Customer Comments...
"The Rodin arrived yesterday.
It is absolutely beautiful and rests on a pedestal in my dining room.
I could not be more pleased.
I'm a painter and a long time admirer of Rodin from having spent days admiring the diverse collection at The Palace of the Legion of Honor in San Francisco, where I grew up, to being lost in wide-eyed wonder while visiting The Rodin Museum in Paris.
Thank you for so much for effectively capturing the strength of his work.
So often reproductions lack the sensitivity of the original, which here is clearly not the case.
Les Bourgeois de Calais is one of my favorites and I have had the honor of seeing it in person from several collections. Your casting of Eustache de Saint-Pierre is fantastic."
Thank you!
Sincerely,
W.P.
Offered here is a spectacular inspired reproduction of Eustache de Saint-Pierre. The bearded man, who was the richest, oldest, and most prominent citizen of the group and the first to volunteer in the Burghers of Calais (Les Bourgeois de Calais). He expresses a sense of dignity despite what appears to be public humiliation and the weight of the whole world on his shoulders. This important sculpture of Rodin is one of the most famous sculptures he created, completed in 1889. It serves as a monument to an occurrence in 1347 during the Hundred Years' War, when Calais, an important French port on the English Channel, was under siege by the English for over a year.
The story goes that England's Edward III, after a victory in the Battle of Crécy, laid siege to Calais, while Philip VI of France ordered the city to hold out at all costs. Philip failed to lift the siege, and starvation eventually forced the city to parley for surrender.
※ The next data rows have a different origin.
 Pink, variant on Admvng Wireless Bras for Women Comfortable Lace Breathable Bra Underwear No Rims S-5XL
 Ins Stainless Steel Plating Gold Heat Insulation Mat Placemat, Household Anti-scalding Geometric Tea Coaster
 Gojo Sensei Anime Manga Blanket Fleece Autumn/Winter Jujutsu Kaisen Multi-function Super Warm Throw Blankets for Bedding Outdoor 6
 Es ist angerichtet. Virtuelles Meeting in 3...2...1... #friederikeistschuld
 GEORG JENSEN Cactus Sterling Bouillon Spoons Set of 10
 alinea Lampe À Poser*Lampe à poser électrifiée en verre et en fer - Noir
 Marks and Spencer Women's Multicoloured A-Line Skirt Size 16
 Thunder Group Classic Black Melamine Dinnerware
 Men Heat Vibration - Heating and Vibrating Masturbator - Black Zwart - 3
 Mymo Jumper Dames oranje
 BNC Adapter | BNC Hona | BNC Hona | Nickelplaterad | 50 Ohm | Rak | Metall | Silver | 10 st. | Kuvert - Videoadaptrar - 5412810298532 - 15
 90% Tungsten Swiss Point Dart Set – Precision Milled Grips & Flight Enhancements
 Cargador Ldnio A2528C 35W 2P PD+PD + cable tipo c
Edward offered to spare the people of the city if any six of its top leaders would surrender themselves to him, presumably to be executed. Edward demanded that they walk out almost naked, wearing nooses around their necks, and carrying the keys to the city and castle. One of the wealthiest of the town leaders, Eustache de Saint Pierre, volunteered first, and five other burghers soon followed suit, stripping down to their breeches. Saint Pierre led this envoy of emaciated volunteers to the city gates. It was this moment, and this poignant mix of defeat, heroic self-sacrifice, and willingness to face imminent death that Rodin captured in his sculpture, scaled somewhat larger than life.
In history, though the burghers expected to be executed, their lives were spared by the intervention of England's Queen, Philippa of Hainault, who persuaded her husband to exercise mercy by claiming that their deaths would be a bad omen for her unborn child.